*** RECORDS FOR THIS TASK Section Begins ***
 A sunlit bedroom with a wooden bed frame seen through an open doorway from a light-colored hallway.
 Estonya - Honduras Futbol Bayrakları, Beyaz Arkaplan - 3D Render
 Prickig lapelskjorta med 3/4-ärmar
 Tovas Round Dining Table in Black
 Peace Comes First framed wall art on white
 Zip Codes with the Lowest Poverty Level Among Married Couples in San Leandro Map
*** RECORDS FOR THIS TASK Section Ends ***
*** RECORDS FOR THIS TASK Section Begins ***
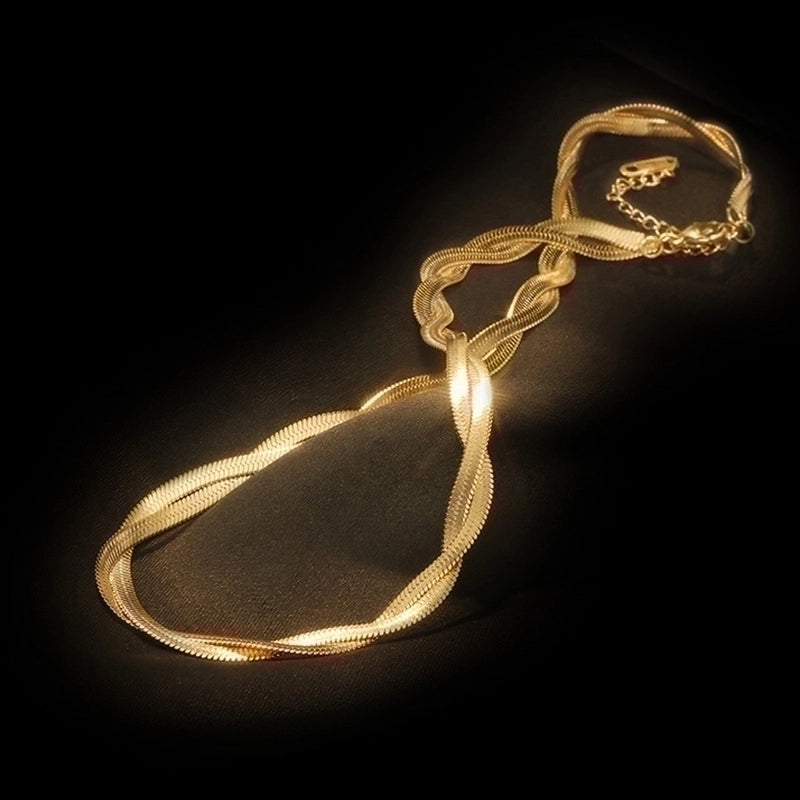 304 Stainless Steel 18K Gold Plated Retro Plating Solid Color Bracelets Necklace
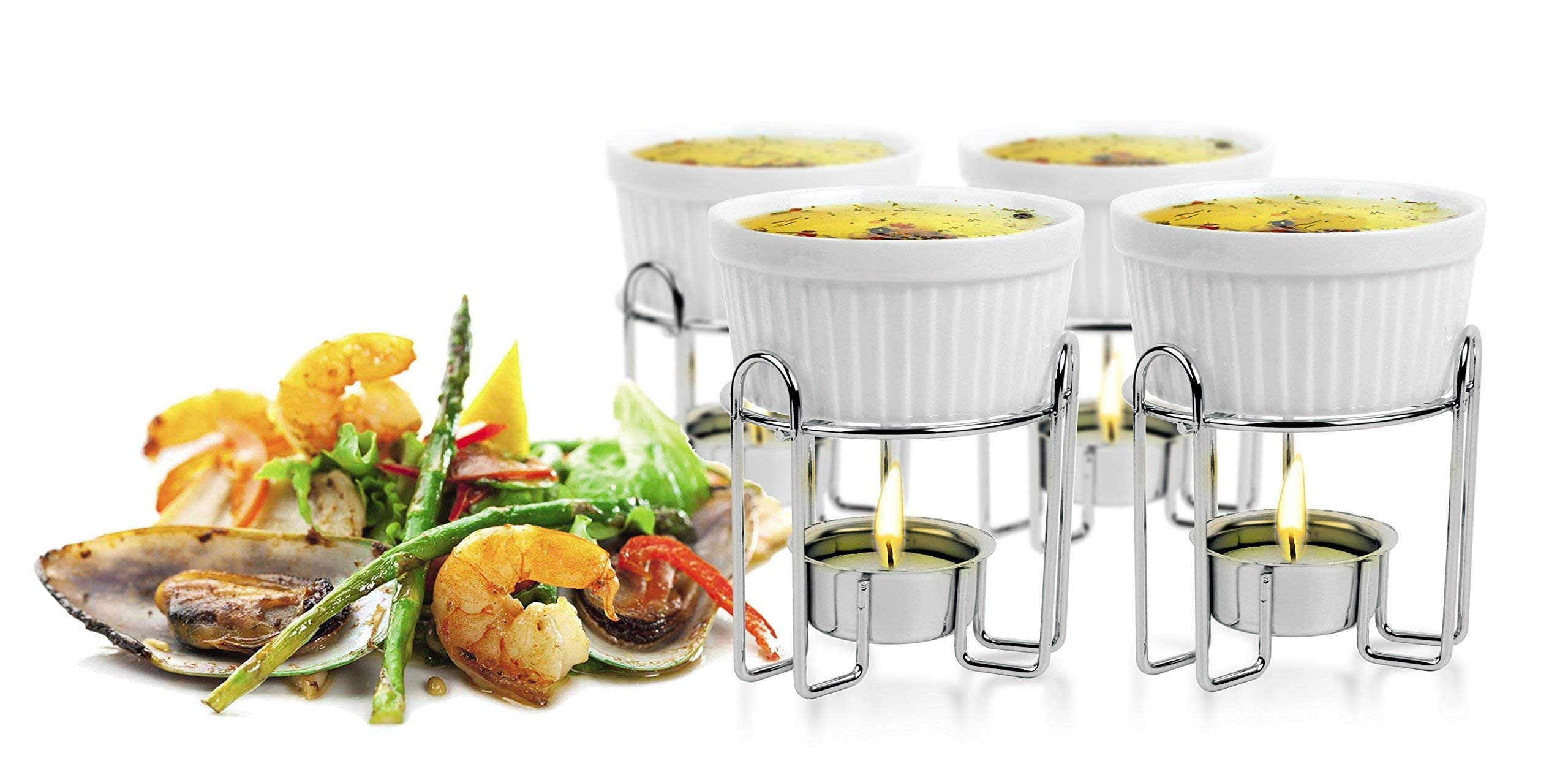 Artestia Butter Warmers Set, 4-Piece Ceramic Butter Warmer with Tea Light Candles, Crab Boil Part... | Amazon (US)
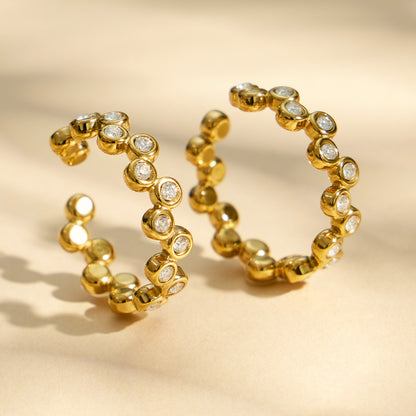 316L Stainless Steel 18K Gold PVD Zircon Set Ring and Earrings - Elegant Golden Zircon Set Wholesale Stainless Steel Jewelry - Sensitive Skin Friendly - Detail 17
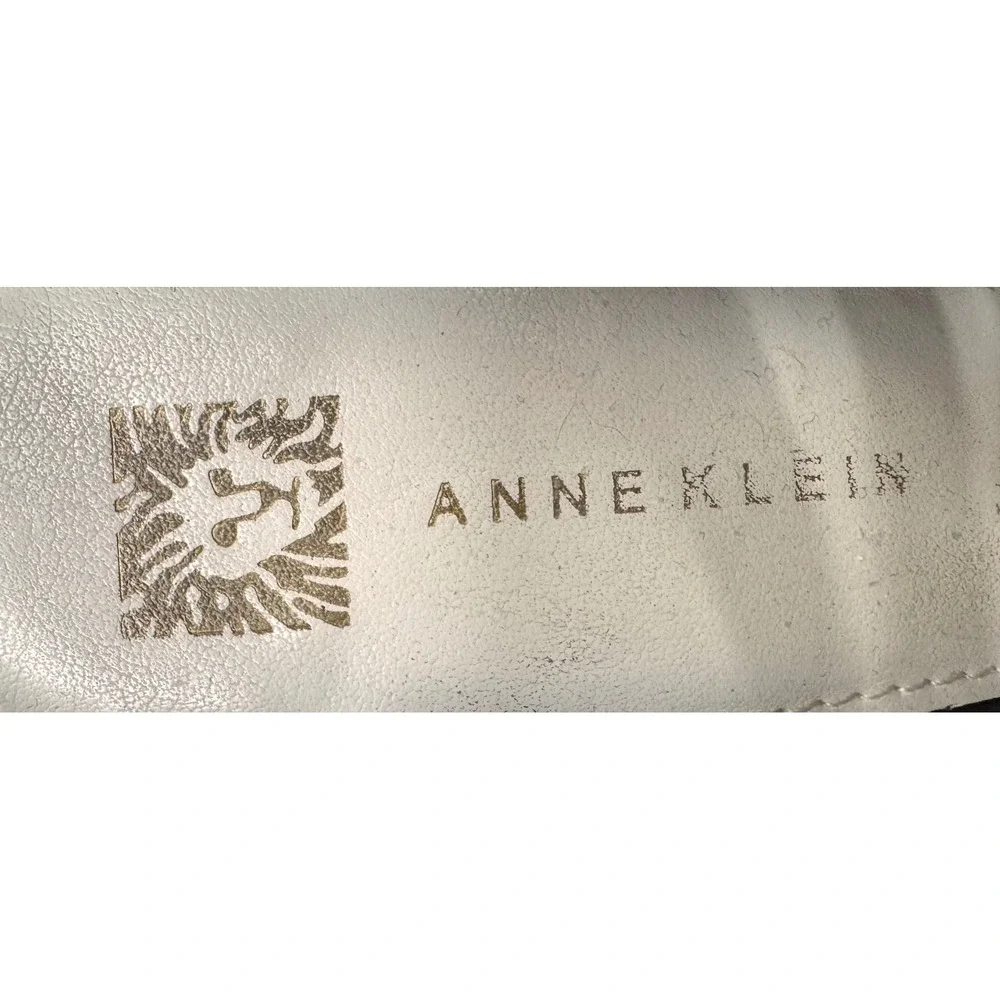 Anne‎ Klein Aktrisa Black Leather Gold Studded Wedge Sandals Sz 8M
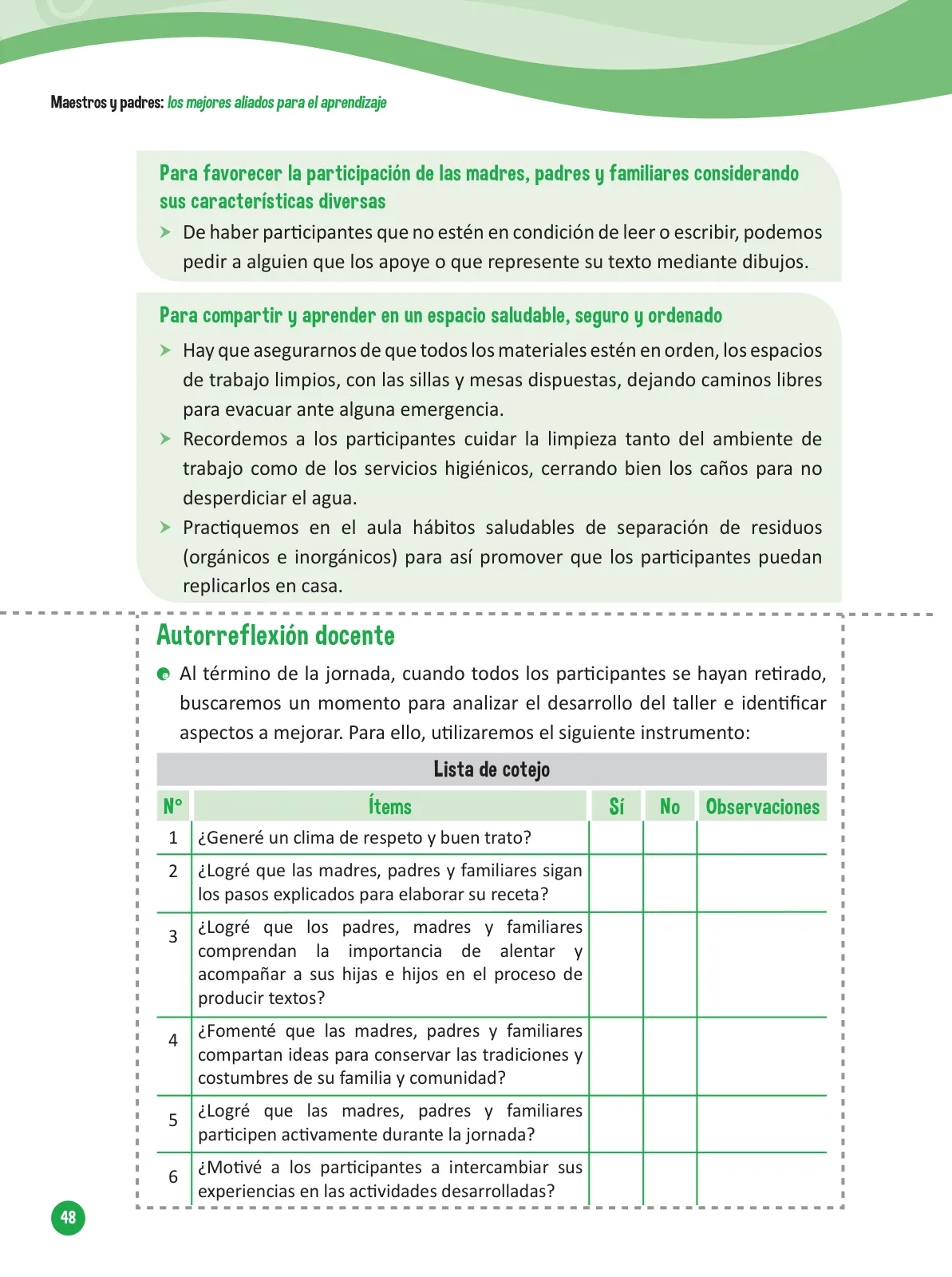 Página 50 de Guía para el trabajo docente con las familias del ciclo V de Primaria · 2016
*** RECORDS FOR THIS TASK Section Ends ***
> _TASK OBJECTIVE_
Among the entries above, copy exactly the stretch from the line holding "Artestia Butter Warmers" through the line holding "Página 50 de", leaving out any pictures.

> _EXERCISE SOLUTION_
 Artestia Butter Warmers Set, 4-Piece Ceramic Butter Warmer with Tea Light Candles, Crab Boil Part... | Amazon (US)
 316L Stainless Steel 18K Gold PVD Zircon Set Ring and Earrings - Elegant Golden Zircon Set Wholesale Stainless Steel Jewelry - Sensitive Skin Friendly - Detail 17
 Anne‎ Klein Aktrisa Black Leather Gold Studded Wedge Sandals Sz 8M
 Página 50 de Guía para el trabajo docente con las familias del ciclo V de Primaria · 2016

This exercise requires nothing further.